O decreto, que foi publicado no Diário Oficial da Argentina, estabelece que imigrantes em situação irregular podem ser removidos do território argentino. Os críticos da ação afirmam que a norma não apresenta uma justificativa adequada e que pode levar a abusos e arbitrariedades por parte das autoridades competentes.

Entre os pontos levantados, os juristas argumentam que a implementação deste decreto pode resultar em uma violação dos direitos humanos. Eles alertam que a medida pode ser utilizada para perseguir grupos específicos de estrangeiros, criando um ambiente de medo e insegurança entre aqueles que residem no país.

Além disso, os especialistas enfatizam que a Argentina já possui leis que regulam a imigração e garantem a proteção de direitos dos imigrantes. Para eles, o novo decreto pode ser visto como uma tentativa de deslegitimar as normas já existentes, o que geraria um retrocesso nas políticas de acolhimento e integração.

A controvérsia em torno do decreto de Milei reflete um cenário mais amplo de debates sobre imigração e segurança na região.
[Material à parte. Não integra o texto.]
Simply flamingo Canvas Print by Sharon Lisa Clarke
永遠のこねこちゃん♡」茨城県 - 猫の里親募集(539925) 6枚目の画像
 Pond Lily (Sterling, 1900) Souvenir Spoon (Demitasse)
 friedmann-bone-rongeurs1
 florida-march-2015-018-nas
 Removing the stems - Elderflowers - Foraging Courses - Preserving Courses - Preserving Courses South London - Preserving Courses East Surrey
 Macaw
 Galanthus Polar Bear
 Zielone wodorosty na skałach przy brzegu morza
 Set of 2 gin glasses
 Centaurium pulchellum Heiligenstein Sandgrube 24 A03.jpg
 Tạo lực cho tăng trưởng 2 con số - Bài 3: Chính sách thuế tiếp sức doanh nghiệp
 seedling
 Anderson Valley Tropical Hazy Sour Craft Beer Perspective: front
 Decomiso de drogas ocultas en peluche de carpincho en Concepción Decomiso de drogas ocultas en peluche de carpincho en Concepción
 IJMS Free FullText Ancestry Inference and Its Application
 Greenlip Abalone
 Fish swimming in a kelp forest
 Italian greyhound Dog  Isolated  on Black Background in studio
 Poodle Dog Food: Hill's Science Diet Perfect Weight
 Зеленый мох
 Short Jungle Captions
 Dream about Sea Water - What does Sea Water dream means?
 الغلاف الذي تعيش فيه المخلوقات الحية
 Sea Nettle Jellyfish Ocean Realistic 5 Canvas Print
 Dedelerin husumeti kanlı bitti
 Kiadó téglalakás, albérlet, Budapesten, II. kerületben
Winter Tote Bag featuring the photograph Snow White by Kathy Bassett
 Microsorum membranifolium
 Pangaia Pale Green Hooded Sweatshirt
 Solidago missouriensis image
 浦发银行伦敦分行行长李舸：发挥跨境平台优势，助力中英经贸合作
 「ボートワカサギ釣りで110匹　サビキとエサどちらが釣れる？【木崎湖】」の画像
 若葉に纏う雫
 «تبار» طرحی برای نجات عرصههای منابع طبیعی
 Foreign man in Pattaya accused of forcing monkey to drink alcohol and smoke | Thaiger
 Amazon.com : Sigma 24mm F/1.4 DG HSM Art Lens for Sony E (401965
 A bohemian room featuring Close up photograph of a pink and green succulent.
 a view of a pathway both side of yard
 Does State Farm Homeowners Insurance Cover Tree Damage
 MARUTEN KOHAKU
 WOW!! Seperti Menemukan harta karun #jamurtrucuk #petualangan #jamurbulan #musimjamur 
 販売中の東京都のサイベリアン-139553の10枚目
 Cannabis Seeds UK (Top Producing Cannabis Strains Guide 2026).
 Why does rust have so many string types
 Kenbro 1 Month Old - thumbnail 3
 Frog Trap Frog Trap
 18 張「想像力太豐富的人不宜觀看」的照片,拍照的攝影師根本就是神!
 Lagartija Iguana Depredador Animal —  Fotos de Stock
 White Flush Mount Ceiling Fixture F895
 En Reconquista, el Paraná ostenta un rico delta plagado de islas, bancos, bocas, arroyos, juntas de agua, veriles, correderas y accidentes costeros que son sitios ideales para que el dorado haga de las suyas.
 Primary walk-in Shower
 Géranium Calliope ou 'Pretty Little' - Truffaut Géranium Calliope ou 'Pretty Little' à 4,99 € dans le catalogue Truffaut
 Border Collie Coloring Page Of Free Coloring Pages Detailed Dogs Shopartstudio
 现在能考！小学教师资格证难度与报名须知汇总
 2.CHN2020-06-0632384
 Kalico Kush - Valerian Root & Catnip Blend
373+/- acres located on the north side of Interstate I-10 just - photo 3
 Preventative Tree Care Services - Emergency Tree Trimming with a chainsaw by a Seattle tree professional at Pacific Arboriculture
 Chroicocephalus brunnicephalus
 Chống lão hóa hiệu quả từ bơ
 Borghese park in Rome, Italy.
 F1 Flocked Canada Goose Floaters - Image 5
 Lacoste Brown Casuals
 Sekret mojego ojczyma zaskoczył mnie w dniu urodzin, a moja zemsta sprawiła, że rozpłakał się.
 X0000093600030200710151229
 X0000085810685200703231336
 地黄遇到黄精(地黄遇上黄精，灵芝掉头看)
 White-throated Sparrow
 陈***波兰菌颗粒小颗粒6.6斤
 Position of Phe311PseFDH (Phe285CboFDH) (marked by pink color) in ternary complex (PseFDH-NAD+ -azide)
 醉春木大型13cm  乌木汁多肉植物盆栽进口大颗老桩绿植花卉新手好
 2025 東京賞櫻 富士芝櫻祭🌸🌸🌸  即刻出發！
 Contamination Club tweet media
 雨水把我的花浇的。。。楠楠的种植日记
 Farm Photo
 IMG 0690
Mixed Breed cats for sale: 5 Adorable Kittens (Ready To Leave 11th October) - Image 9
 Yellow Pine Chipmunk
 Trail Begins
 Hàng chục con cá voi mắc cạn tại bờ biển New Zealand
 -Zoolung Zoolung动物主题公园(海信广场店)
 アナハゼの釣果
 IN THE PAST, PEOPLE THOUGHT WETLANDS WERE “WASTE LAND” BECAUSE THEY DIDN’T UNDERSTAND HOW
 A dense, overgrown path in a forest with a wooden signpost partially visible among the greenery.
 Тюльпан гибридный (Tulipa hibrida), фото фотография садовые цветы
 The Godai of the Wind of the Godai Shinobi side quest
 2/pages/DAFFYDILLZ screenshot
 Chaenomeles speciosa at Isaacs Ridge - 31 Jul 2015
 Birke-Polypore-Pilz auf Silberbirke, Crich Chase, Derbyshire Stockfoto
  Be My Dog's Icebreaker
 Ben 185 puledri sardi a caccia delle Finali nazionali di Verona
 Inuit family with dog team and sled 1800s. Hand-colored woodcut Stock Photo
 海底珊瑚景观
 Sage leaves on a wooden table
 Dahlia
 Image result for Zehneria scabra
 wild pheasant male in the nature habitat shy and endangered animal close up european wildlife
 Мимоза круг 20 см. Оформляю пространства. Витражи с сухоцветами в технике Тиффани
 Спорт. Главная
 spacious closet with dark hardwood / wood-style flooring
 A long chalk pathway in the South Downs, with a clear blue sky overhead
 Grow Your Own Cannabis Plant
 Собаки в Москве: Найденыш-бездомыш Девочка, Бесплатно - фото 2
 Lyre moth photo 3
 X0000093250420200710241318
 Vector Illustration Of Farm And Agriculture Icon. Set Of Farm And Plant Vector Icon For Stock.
Juristas e defensores dos direitos humanos continuam a pressionar o governo para que reconsidere essa abordagem, promovendo, em vez disso, políticas que respeitem a dignidade e os direitos de todos os indivíduos, independentemente de sua origem.

Em meio a essas discussões, a comunidade internacional observa atentamente os desdobramentos dessa decisão, que pode influenciar não apenas a Argentina, mas também as políticas migratórias em outros países da América Latina. A expectativa é que a reação da sociedade civil e das instituições jurídicas possa levar a um revisamento ou até mesmo à revogação do decreto polêmico.